[TASK DIRECTIONS] Word for word and without images, reproduce the listing that follows.

[THE DATA]
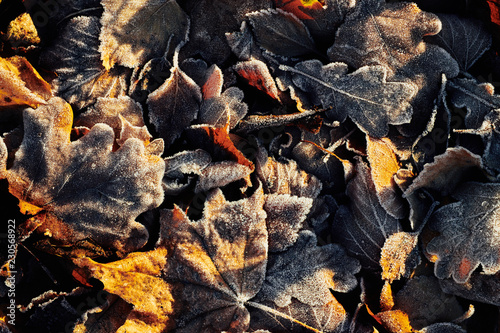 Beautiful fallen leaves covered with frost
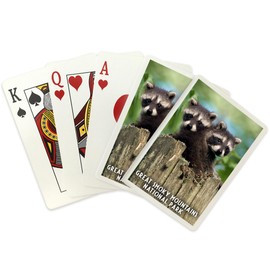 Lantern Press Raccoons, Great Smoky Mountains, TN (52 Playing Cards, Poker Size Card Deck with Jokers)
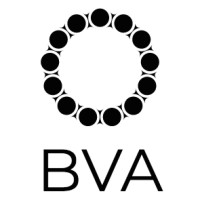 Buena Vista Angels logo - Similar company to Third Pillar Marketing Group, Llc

[OUTPUT FOR THIS TASK]
 Beautiful fallen leaves covered with frost
 Lantern Press Raccoons, Great Smoky Mountains, TN (52 Playing Cards, Poker Size Card Deck with Jokers)
 Buena Vista Angels logo - Similar company to Third Pillar Marketing Group, Llc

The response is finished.